L’évolution du créole de La Réunion

Initialement, le terme de « créole » est emprunté au portugais crioulo/criolo par l’intermédiaire de l’espagnol criollo, les deux dérivés du participe passé criado du verbe criar (latin creare) signifiant selon Valdman (1978 : 10), « élevé dans le foyer du maître, domestique ». En 1690, le terme désigne, dans le dictionnaire de Furetière, le nom que donnent les Espagnols à leurs enfants nés dans les colonies. Il a d’abord désigné des individus. La désignation des individus « créoles » apparaît diverse d’une île à l’autre. Par exemple, à l’île Maurice, il désigne les afro-mauriciens. A la Réunion, il désigne les blancs nés dans les colonies de parents européens et les enfants issus des colonies esclavagistes. Le terme « créole » désigne aujourd’hui davantage des langues que des individus. Les langues créoles sont présentes dans de nombreuses parties du monde. Les populations créolophones les plus importantes se trouvent aux Antilles et en Guyane. Les langues créoles français sont usitées dans les Antilles, en Amérique du Sud, au Canada, aux îles Seychelles, à l’île de la Réunion, à l’île Maurice et sa dépendance, etc. Le créole réunionnais est celui auquel on s’intéressera.

 

Pour connaitre la sociolinguistique de La Réunion, il faut d’abord analyser son histoire. En novembre 1663, deux Français, accompagnés de 10 Malgaches (7 hommes et 3 femmes), s’installent dans l’île. C’est le début de la colonisation. Les colons français arrivés à La Réunion parlaient notamment le « koiné d’oïl ». La première phase du processus de créolisation fût créée. Les esclaves étaient contraints d’apprendre la langue de leurs maîtres, un français non standard, une variété dialectale que parlait les colons provenant des provinces de France métropolitaine.

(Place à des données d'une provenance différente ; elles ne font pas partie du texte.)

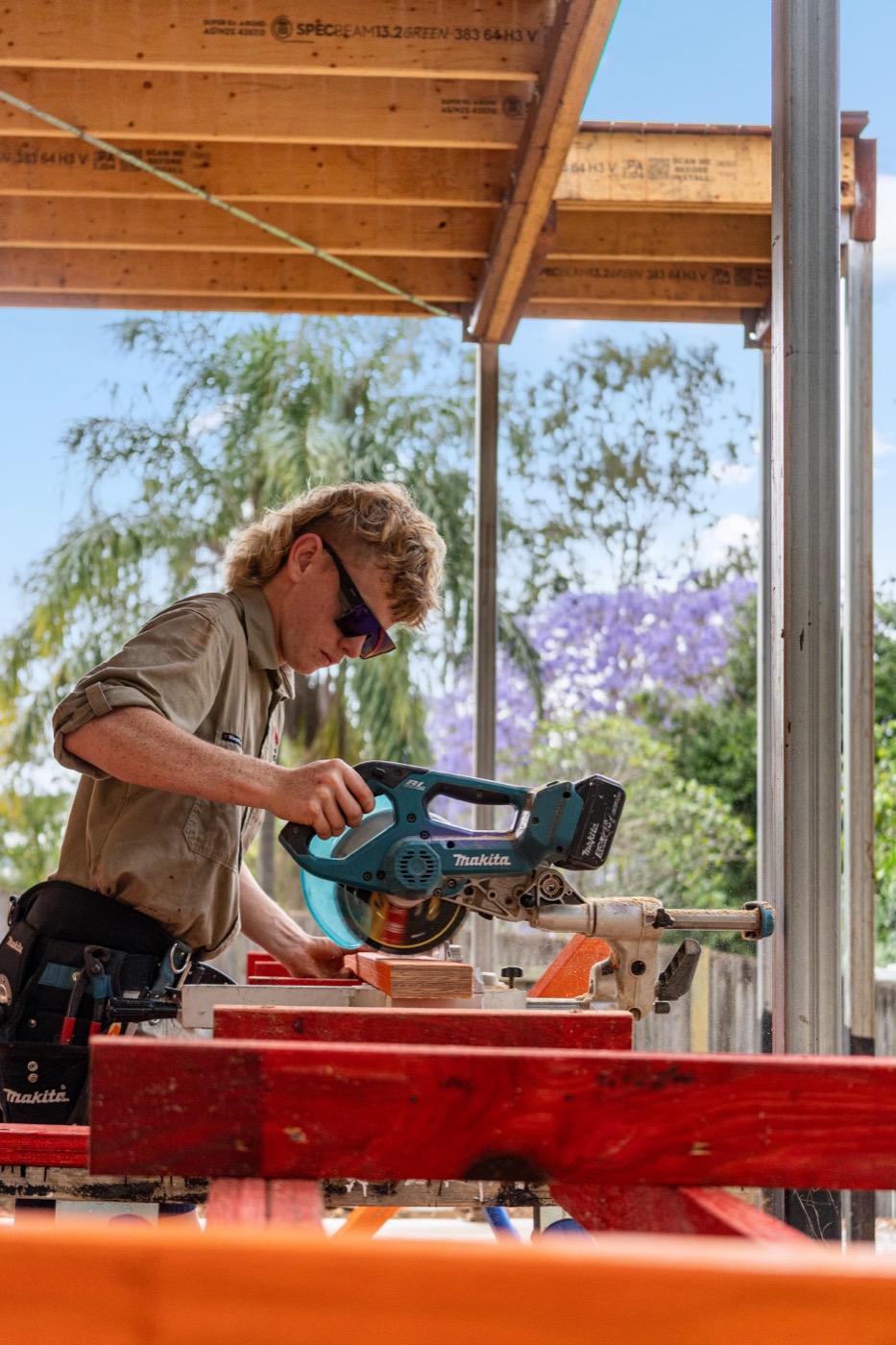 Cutting timber outside, with jacaranda in the background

La transition de la première à la deuxième phase est marquée par l’augmentation du nombre d’esclaves, qui deviennent plus nombreux. La deuxième période émerge lorsque les premiers esclaves deviennent ainsi les instructeurs des nouveaux esclaves qui, pour communiquer avec les groupes sociaux de l’île, sont contraints d’apprendre le français. Les nouveaux esclaves ne sont pas en contact avec la langue cible des maîtres mais avec une approximation de la langue qui est apprise et pratiquée par les premiers esclaves.

À la fin des immigrations massives, le créole commence à perdre son rôle de médiateur, le français est enseigné à l’école à cause de son statut de langue officielle. Donc la coexistence du créole et du français à La Réunion est décrite désormais par le terme de « diglossie » : le créole réunionnais se trouve limité aux situations privées ou informelles et le français est la langue dotée du prestige social et utilisée dans les sphères officielles. La situation sociolinguistique réunionnaise ne se décrit pas uniquement par la cohabitation binaire du créole et du français. Les sociolinguistes parlent de continuum linguistique : le français créolisé se situe sur l’axe du continuum entre les pôles que sont le français régional et le créole (comme le schéma ci-dessous)2017-11-27_22h52_01

On peut comparer la situation linguistique réunionnaise, avec celle de La Martinique. Lorsque les premiers Français qui débarquèrent à La Réunion, ils venaient directement de France. Le créole réunionnais est donc un créole de première génération. Cependant en Martinique, les colons étaient accompagnés d’anciens colons ayant déjà colonisés d’autres territoires tropicaux et étant déjà créolisés. Chaudenson qualifie le créole martiniquais comme étant de deuxième génération.

La population servile conduite à La Réunion venait principalement de Madagascar et de l’Afrique de l’Est, alors que celle de la Martinique provenait d’Afrique de L’Ouest et parlaient des langues différentes.

A La Réunion, les Noirs de type africains se métissèrent de plus en plus avec d’autres Réunionnais d’origines ethniques diverses. En Martinique, Les Antillais immigrés, quant à eux, étaient souvent perçus comme des Africains, comme des étrangers, ayant une culture complètement différente. Cela rendait les échanges difficiles avec les autres ethnies en présence.

 

Bien que La Réunion et la Martinique adoptèrent toutes deux le français comme langue officielle, le créole martiniquais est plus éloigné du français que celui de La Réunion. À La Réunion, la frontière entre le créole et le français est plus difficile à distinguer alors qu’en Martinique, le « substrat africain » du créole martiniquais rend plus facilement celui-ci distinct du français.

 

Mais aujourd’hui, la situation sociolinguistique réunionnaise se trouve modifiée et ne cesse d’évoluer.